I love kale and cabbage salads, but the flavor and texture can be a little strong if the greens are used raw. Try this vegetable tip: Shred your greens very fine, and then put them in the basket of a salad spinner or colander. Gently run hot water over the greens while you “massage” them for just a minute or two. Follow with a quick rinse under cold water to refresh, then drain the greens well and add your dressing. This method takes away some of the “raw” taste and wilts the greens just a bit, which gives a better texture to the salad.
I’m not sure why so many people don’t season their vegetables. It’s a shame when people tell me they just can’t stand “plain steamed vegetables,” as if that’s the only way they should be eaten. The addition of herbs, spices, garlic, onion, citrus juices or vinegar can add a load of flavor with no additional calories. There are no hard and fast rules here, so feel free to experiment. Try some ‘classic’ pairings like basil with tomato, ginger with carrots and garlic with leafy greens. Sometimes a little sweet flavor can take away the bitter bite, too. I usually dress my kale salad with a little vinaigrette. But the addition of something a sweet—some diced mango, apple or fresh oranges, or a few golden raisins or dried cranberries—really takes the edge off.
– 1 Tablespoon lime juice
– 1 Tablespoon brown sugar or honey
– ½ Tsp. dried dill weed
– Salt and pepper to taste
Mix ingredients together in a small bowl. Lime-Dill sauce is great on steamed carrots.
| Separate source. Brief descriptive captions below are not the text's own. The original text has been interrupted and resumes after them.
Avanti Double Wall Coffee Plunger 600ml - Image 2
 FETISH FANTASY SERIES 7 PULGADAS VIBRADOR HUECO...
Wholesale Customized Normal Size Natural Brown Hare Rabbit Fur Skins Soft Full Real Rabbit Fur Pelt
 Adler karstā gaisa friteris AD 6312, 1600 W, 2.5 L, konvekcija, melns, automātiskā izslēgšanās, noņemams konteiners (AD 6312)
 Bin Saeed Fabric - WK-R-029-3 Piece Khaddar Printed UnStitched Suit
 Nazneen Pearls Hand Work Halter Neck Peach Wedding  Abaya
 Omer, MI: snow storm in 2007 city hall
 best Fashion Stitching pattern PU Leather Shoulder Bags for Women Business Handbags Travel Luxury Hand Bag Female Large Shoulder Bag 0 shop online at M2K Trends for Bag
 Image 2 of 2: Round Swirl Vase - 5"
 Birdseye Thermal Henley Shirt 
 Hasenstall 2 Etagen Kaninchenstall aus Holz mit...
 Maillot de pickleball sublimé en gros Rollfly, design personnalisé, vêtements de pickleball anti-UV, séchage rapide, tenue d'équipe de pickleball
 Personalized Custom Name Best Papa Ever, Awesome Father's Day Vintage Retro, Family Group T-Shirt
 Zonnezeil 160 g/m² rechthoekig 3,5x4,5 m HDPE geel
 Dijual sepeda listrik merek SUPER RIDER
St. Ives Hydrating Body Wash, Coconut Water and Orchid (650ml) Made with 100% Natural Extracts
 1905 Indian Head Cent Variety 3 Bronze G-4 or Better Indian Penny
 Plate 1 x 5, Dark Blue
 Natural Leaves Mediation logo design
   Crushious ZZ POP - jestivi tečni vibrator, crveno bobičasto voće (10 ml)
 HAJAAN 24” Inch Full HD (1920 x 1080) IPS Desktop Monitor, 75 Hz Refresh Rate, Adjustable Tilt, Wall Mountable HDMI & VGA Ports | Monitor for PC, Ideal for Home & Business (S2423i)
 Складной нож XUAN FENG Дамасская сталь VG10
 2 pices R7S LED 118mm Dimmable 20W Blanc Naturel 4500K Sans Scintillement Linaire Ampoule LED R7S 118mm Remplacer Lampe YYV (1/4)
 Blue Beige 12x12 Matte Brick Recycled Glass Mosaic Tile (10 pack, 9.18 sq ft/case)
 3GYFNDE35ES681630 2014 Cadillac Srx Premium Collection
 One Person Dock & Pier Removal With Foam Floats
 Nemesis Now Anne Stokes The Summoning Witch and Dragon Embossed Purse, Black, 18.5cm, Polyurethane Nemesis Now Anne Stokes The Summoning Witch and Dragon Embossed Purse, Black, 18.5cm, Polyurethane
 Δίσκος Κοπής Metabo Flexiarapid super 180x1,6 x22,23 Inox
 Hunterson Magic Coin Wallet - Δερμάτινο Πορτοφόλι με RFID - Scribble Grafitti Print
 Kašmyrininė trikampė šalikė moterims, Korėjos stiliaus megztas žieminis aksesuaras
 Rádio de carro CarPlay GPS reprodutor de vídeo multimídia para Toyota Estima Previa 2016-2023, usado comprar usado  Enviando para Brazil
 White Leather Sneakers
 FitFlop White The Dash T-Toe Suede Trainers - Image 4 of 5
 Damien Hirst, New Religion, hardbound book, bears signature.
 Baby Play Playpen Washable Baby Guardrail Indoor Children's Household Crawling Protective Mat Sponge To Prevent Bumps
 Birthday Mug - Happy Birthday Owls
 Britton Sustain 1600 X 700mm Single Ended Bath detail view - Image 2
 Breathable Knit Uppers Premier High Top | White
– 1 Tablespoon lemon juice
– 1 Teaspoon Dijon mustard
– 1 Tablespoon olive oil
– 1 clove garlic, minced
– ½ tsp. sugar or honey
– Salt and pepper to taste
Mix dressing ingredients together. Try this Lemon-Garlic-Mustard sauce drizzled on steamed green beans.
Spicy Hoisin Sauce
– 2 Tablespoons Hoisin sauce*
– 1 Tablespoon soy sauce
– 1 Tablespoon rice wine* (Mirin)
– 2 tsp. sugar or honey
– 1 garlic clove, minced
– ½ tsp. chili paste*
Mix the spicy hoisin sauce ingredients in a small bowl. Good on stir-fried broccoli or asparagus.
*Available in Asian grocery stores or ethnic foods section of supermarket.